Last months economic news put a damper on prospects for a robust national recovery. With lower-than-expected domestic job creation and a slight increase in unemployment, combined with equity market sell-offs and uncertainty in the eurozone, the national media immediately sounded broad-based alarms.

While the news from Washington may have seemed bleak, the truth is that the San Francisco Bay Area is thriving on its own regional economic drivers.

Our research at Pacific Union International suggests that, especially when it comes to the residential real estate industry, our markets continue to benefit from record-high demand and both seasonally and historically low inventory. Since February, we have been encouraging home sellers to join the party.

Here are positive economic indicators that drive our markets – and paint a fundamentally stronger picture of the real estate market.

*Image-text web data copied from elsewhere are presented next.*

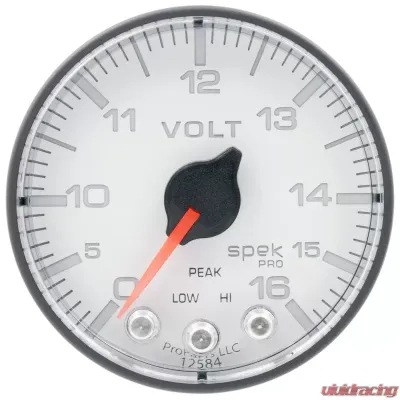 AutoMeter GAUGE; VOLTMETER; 2 1/16in.; 16V; STEPPER MOTOR W/PEAK/WARN; WHT/BLK; SPEK-PRO - P344128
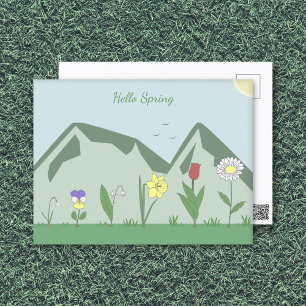 Mountains & Spring Flowers Landscape Postcard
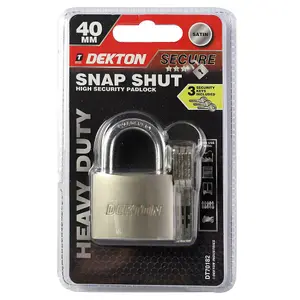 Dekton Snap Shut Hardened Steel Shackle High Security Padlock with 3 Keys 40mm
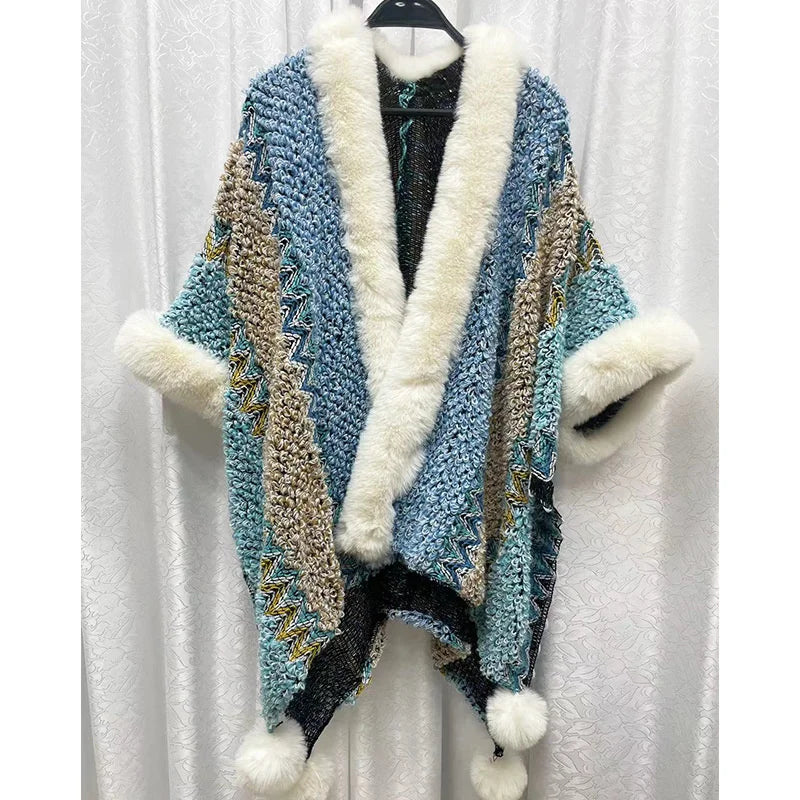 Hooded Fringe Tassel PomPom Decor Geometric Striped Colorblock Cape Cloak Shawl Wrap Scarf Sweater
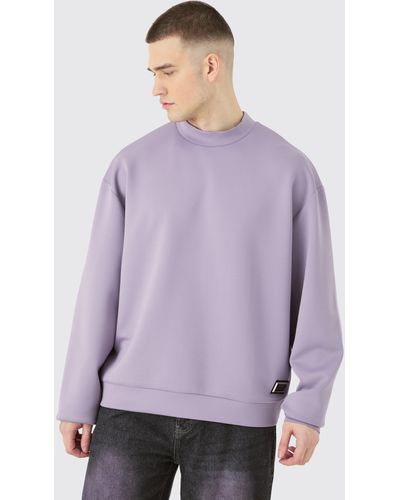 BoohooMAN Tall Oversized Boxy Scuba Sweatshirt - Purple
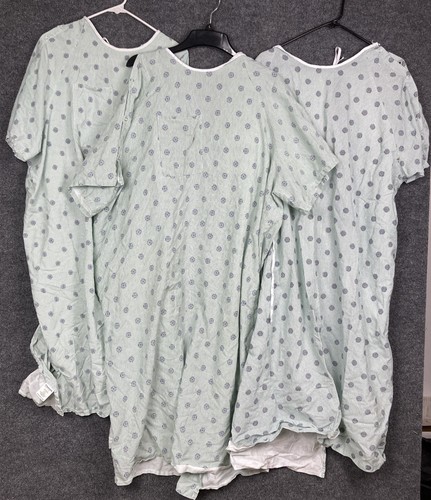 Lot of 3 Standard Textile Unisex Adult One Size Fits Most Hospital Gowns w/ Snap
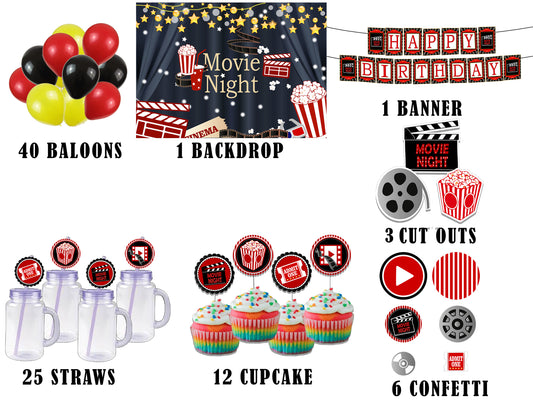 Movie Night Theme Decoration Kit with Backdrop and Decorations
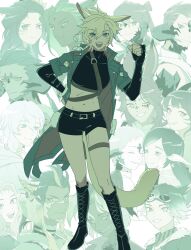 Rule 34 | 6+boys, 6+girls, animal ears, aqua coat, au ra, black footwear, black shirt, black shorts, blonde hair, blue eyes, boots, cat ears, cat girl, cat tail, clenched hands, coat, collared coat, commentary, commission, crop top, cropped shirt, elidibus, english commentary, final fantasy, final fantasy xiv, hand on own hip, hand up, high collar, highres, hyur, looking at viewer, miqo&#039;te, multiple boys, multiple girls, open clothes, open coat, open mouth, robodumpling, shirt, short hair, short shorts, shorts, slit pupils, standing, tail, thigh strap, turtleneck, viera, warrior of light (ff14)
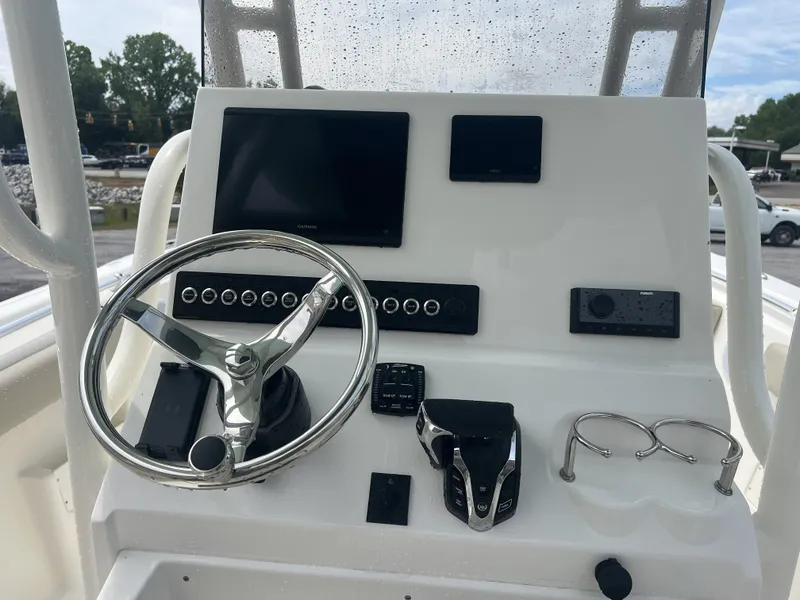 Slide: The Image of Key West 239 FS boat helm console, model year 2026. - 10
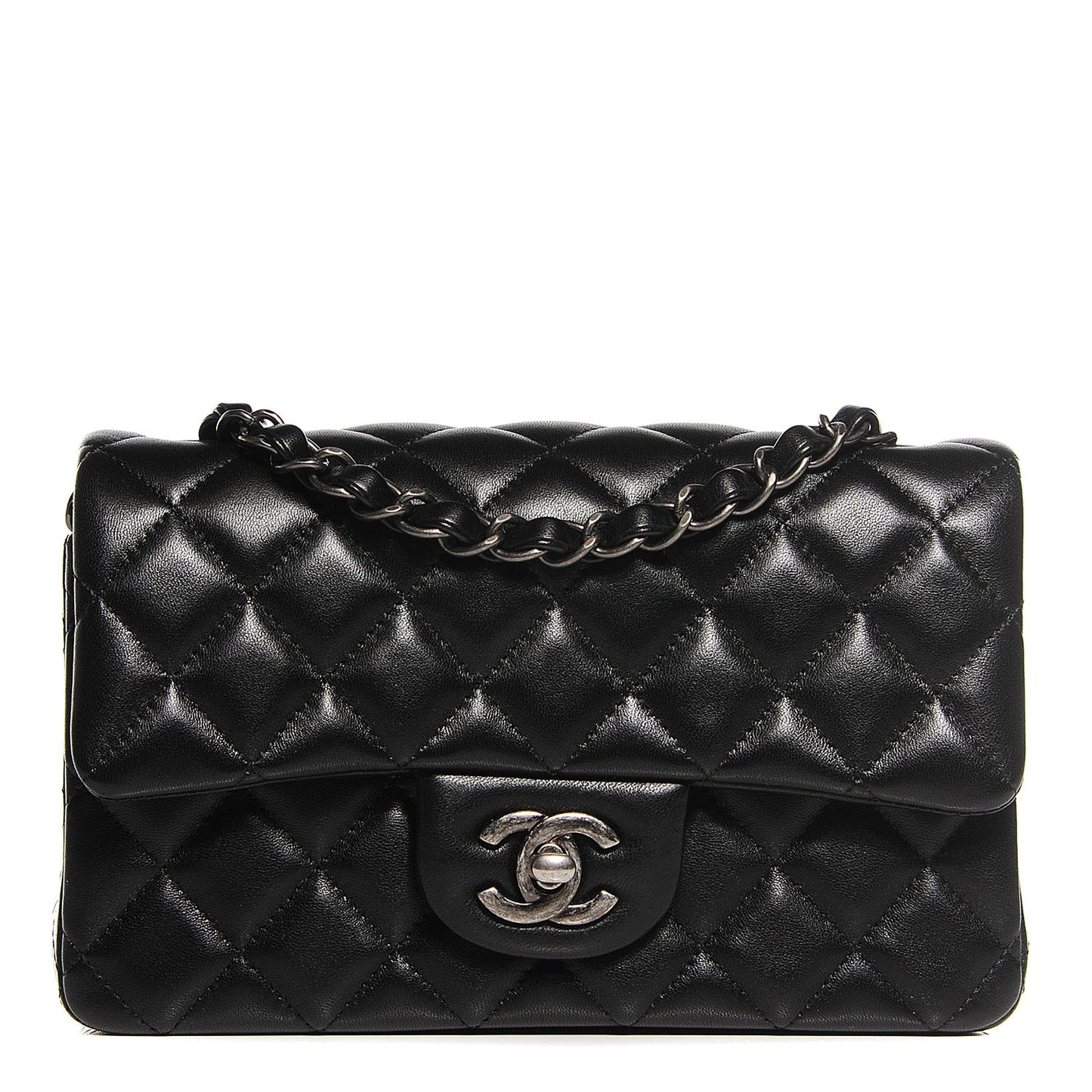 Lambskin Quilted Mini Rectangular Flap Black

  • More jobs fuel the economy’s engine. The Bay Area economy is improving significantly faster than the rest of the country. In April, San Francisco’s unemployment rate was 7.4 percent – down a significant 3.5 percentage points from the statewide average of 10.9 percent, and down 0.7 percentage point from the U.S. average of 8.1 percent. Marin County’s numbers were even better, with an unemployment rate of 6.4 percent – the lowest in California. The six Bay Area counties served by Pacific Union International’s real estate professionals consistently post stronger employment numbers than any other region in California. This drives consumer confidence and residential real estate demand.
  • Foreclosures are fewer. Foreclosure rates continue to drop around the Bay Area. In April, the last month for which data was available, default notices fell more than 9 percent from March in Santa Clara County, 24 percent in San Mateo County, 21 percent in Contra Costa County, and 25 percent in Alameda County.
  • And don’t forget Facebook. The IPO may not have lived up to the hype, but it will still mint plenty of millionaires. And Facebook will create huge boosts for the tech industry, the local economy, and of course, real estate. Silicon Valley is seeing soaring housing prices, and the trickle-up effect will benefit San Francisco and other Bay Area cities – not to mention the Sonoma and Napa County wine country and Lake Tahoe second-home and vacation-rental markets.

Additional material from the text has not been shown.